Outcome of Function - Python

Question

I'm creating a utility program whose functions will be used as part of another program.

This is my function (EDITED):

def push_up (grid):
   new_grid = up_down_swapper(grid)


   new_grid = zero_DR(new_grid) 

   for i in range(4):
     for j in range(3):                
        if new_grid[i][j] == new_grid[i][j+1]:
            new_grid[i][j+1] = (new_grid[i][j])+(new_grid[i][j])
            new_grid[i][j] = 0
        else: 
            pass

new_grid = zero_DR(new_grid)

grid = up_down_swapper(new_grid)
#print(grid) - shows the grid as the expected outcome. But outside of the function it  doesn't change

and here is how it's used:

push.push_up (grid)

As you guys can see it isn't being assigned to a value like

new_grid = push.push_up (grid)

I cannot change the main program ( this is an assignment and this is what I've been told to do.)

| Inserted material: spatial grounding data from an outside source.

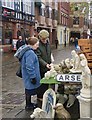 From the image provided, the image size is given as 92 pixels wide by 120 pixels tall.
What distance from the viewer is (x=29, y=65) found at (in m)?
6.18

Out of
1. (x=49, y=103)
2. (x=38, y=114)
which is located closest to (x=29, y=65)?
(x=49, y=103)

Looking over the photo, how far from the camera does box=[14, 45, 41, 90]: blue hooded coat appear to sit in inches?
244

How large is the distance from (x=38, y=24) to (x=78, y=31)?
108 feet

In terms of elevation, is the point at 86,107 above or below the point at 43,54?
below

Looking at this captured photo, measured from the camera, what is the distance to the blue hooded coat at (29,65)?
619 centimetres

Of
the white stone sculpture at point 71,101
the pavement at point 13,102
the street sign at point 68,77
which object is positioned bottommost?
the pavement at point 13,102

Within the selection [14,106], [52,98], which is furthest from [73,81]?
[14,106]

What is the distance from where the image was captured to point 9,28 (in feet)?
101

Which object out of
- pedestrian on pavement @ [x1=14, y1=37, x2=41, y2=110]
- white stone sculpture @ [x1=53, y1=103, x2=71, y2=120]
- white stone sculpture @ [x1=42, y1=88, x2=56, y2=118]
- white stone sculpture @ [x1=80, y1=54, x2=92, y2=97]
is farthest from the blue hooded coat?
white stone sculpture @ [x1=80, y1=54, x2=92, y2=97]

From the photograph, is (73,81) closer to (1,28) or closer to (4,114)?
(4,114)

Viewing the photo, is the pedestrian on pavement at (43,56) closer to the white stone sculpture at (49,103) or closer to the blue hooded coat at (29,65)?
the blue hooded coat at (29,65)

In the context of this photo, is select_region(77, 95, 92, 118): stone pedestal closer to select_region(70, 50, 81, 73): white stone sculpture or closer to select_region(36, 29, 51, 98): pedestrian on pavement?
select_region(70, 50, 81, 73): white stone sculpture

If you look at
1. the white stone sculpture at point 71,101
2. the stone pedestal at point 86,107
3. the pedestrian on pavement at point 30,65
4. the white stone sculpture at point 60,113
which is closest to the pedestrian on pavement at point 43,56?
the pedestrian on pavement at point 30,65

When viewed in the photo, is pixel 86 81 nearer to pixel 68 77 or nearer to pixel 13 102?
pixel 68 77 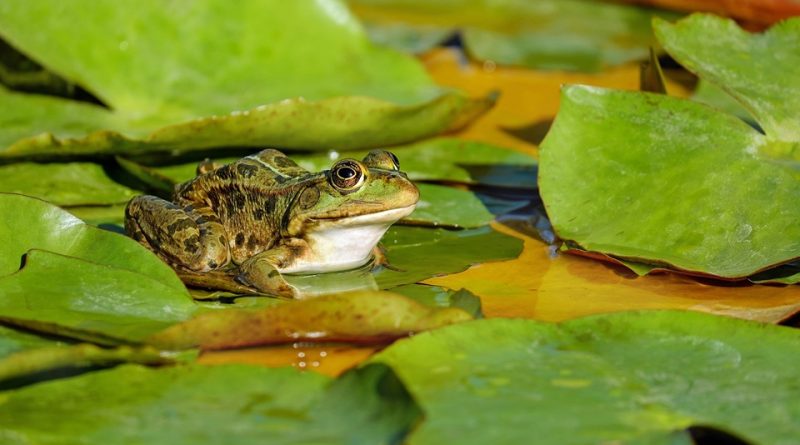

My problem is how do I get the function to change the value of the parameter? I'm not sure if I'm making sense but something like this:

def square(x):
    x = x*x

value = 3 
square(value) 
print(value)

This will output 3, but I'm wanting 9. How would I go about doing this?

Here is a pastebin of the main code: http://pastebin.com/NAxWL14h

Answer 1

There is a difference between

• having a name refer to a different value / object and
• modifying the object a name refers to.

The first one is done with an assignment:

a = []
b = a
b = [3]
print(a) # still prints []

The second one is only possible with mutable objects (e. g., lists are ok, tuples not):

a = []
b = a
b.append(3)
print(a) # prints [3]

When you do a function call, you essentially do the same:

def f(b):
    b = [3]

only changes what b points to inside the function.

However,

def g(b):
    b.append(3)

changes the list object provided by the caller.

Exactly this is the point: the function in your assignment should modify grid in-place. Instead, you assign it a different object, which won't propagate back to the caller.

Answer 2

The short answer is that because of how Python passes parameters, you can't do this. For your square example, there is no way to change the value of value without assigning the result of square(value) to it.

However, you don't need to change what grid is pointing to. In part of your code

for i in range(4): #add numbers that are equal  
    for j in range(3,-1,-1):                
        if grid[i][j] == grid[i][j-1]:
            grid[i][j-1] = (grid[i][j])+(grid[i][j])
            grid[i][j] = 0
        else: 
            pass

You are changing the values held within grid. So think about it this way:

>>> list_to_add_to = []
>>> def add_to_list(a_list):
...     a_list.append('test')
...
>>> print(list_to_add_to)
[]
>>> add_to_list(list_to_add_to)
>>> print(list_to_add_to)
['test']

I did not change what list_to_add_to refers to, but I was still able to modify it. This is referred to as "modifying in-place".

So instead of trying to create a new grid and return that result, you have two options:

1. Modify the contents of grid
2. Create a new grid (calling it something else like new_grid) and work with that. Then at the end of your function, copy everything from new_grid into grid.